Um, if you were trying to hit my site today, it was down for most of the day as part of the collateral damage from the giant worm attack that shutdown large parts of the Internet today.
For the non-gearheads among us, what happened (the short version) was that a small program (the "worm") that was programmed to spread between copies of a Microsoft database program called "SQL Server" quickly got out of hand and crashed large parts of the internet. The worm spread by exploiting a security hole in SQL Server, a hole that Microsoft had patched several months ago. However, it would appear that many (about twenty-two thousand) database administrators hadn't kept their servers up-to-date with all the latest security patches, thus allowing the worm to spread unchecked.
In other, entirely unrelated news, Bill Gates is pledging to improve security in future versions of Microsoft's software. CNN, bless their hearts, ran both stories together on the front page of their site (as you can see).
Which does sound (at least to an inveterate Microsoftphobe) a bit like an admission that their current security blows chunks is a stinking, rotting pile of dubious architecture and crappy code less than optimal.
Update: For the true gearheads among us, here's a in-depth look at the worm (thanks, Nick).
Heh. Heh. Heh.
Microsoft's security is about as sound as my sex life. And that's really all that needs to be said.
Oh golly! I am sorry.
The Los Angeles Times reported that the Internet wasn't the only system affected by the worm: evidently, many Bank of America ATMs were shut down as well - and the "experts" don't know why!
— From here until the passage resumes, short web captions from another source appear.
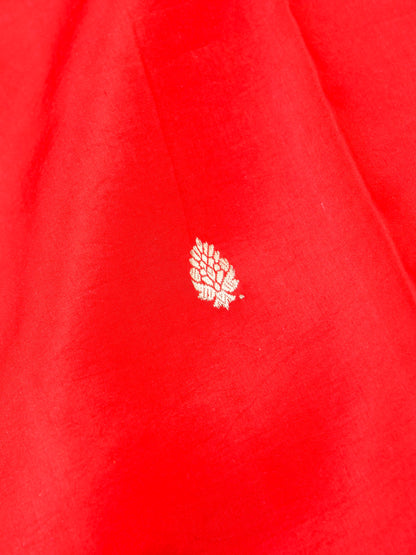 Handloom Banarasi Pure Katan Silk Kadwa Saree in Red with Crane and Floral Motif - Khinkhwab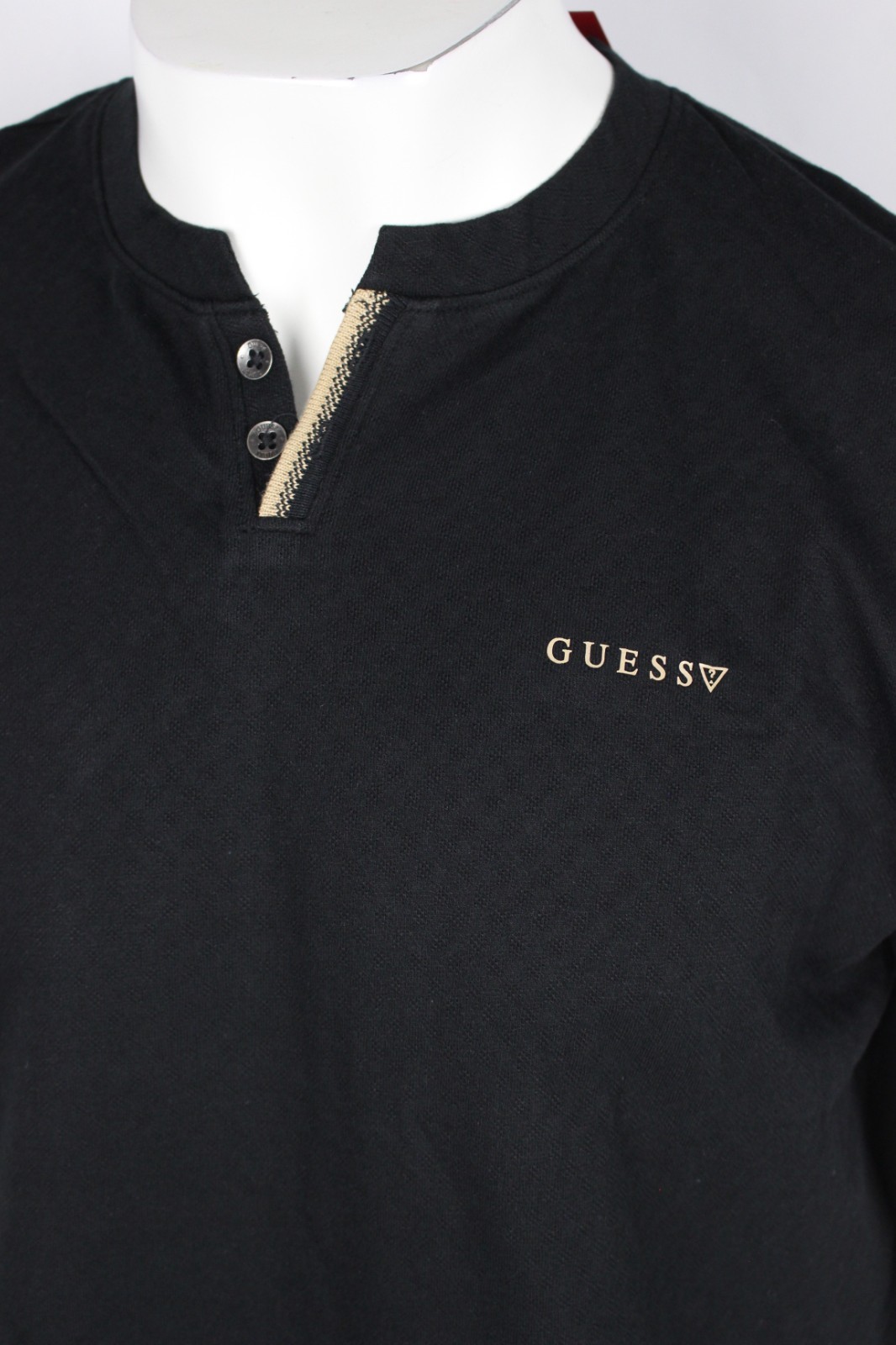Guess Men’s Ricardo Short Sleeve Slit Henley T Shirt Jet Black Textured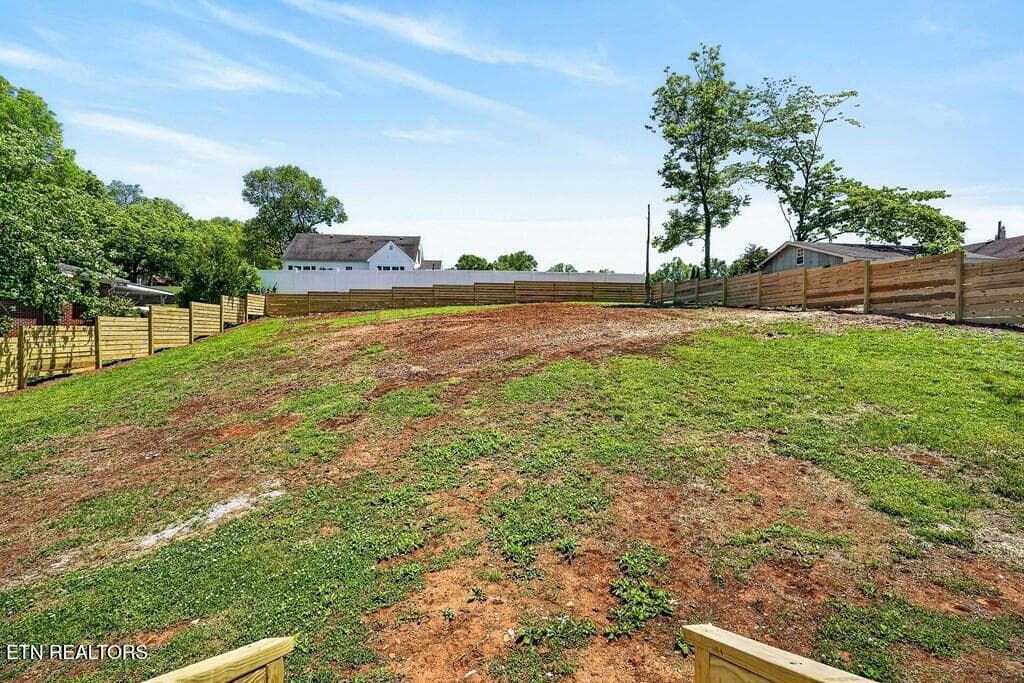tur34 - 128 S Young St, Sparta, TN 38583, Sparta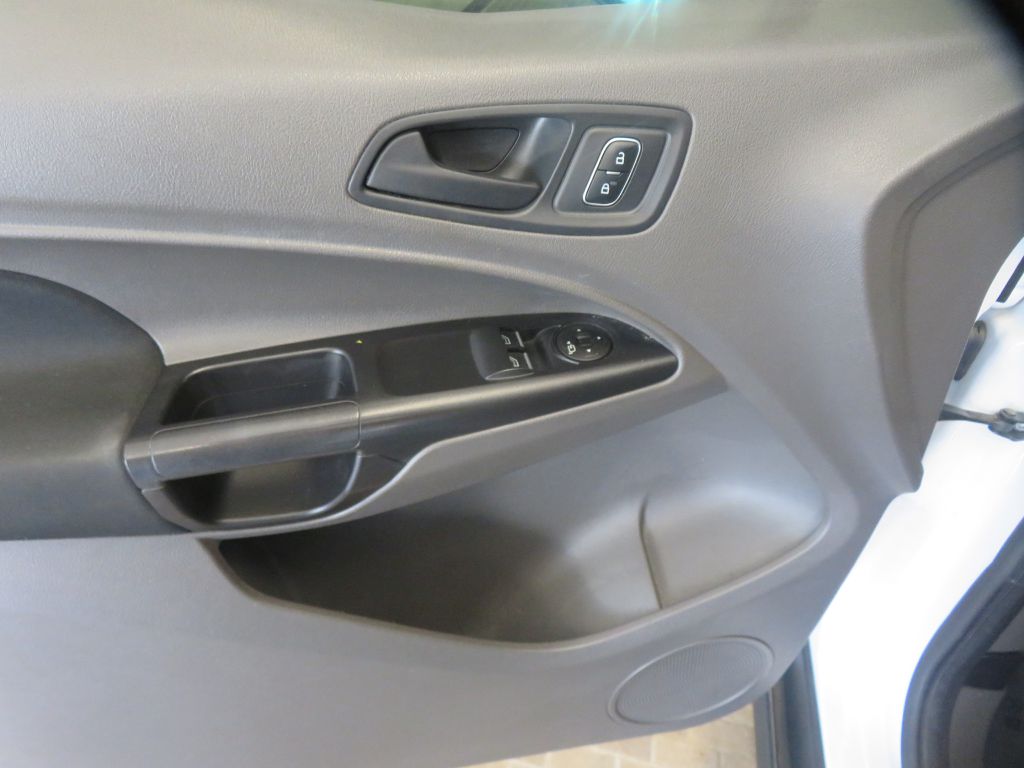 Photo 16 of this FORD TRANSIT CONNECT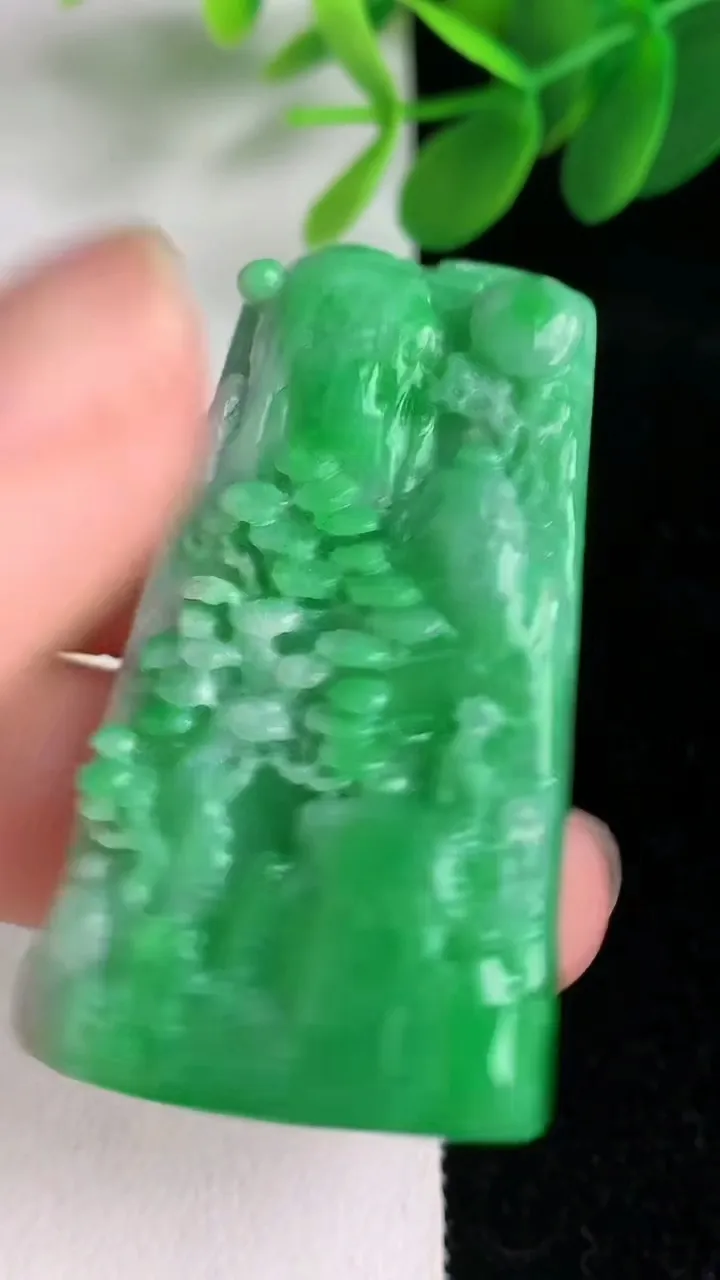 天然A货翡翠山水牌吊坠，尺寸47-26-8.7，重量:25.86g
6月5日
For years I've said to friends that I think we're in for a future of catasrophic, system-wide crashes because our "systems" are made up of too many nested pieces of software; billions of lines of code that no one can possibly know how to examine or fix when a really big problem comes along. It seems we're headed that way, no thanks to Microsoft.
Actually, while it makes a nice melodramatic theory, the 'experts' have a pretty good idea why the BofA ATMs went down.
Thing is that this worm not only took on Microsoft SQL servers, but it generated so much traffic that two things happened:
1) Affected networks were effectively subject to absolutely massive DDOS (distributed denial of service) attacks, making them unusable, and
2) the traffic 'exploited' two bugs in Cisco routing software that caused their routers to go up shit creek. Which doesn't sound so bad until you remember that 80% of the routers on the market are made by Cisco.
So what probably happened is that some critical BofA ATM traffic was carried by a network that got hit very hard by this worm. No real great mystery here (though I will admit that I'm simplifying things a bit).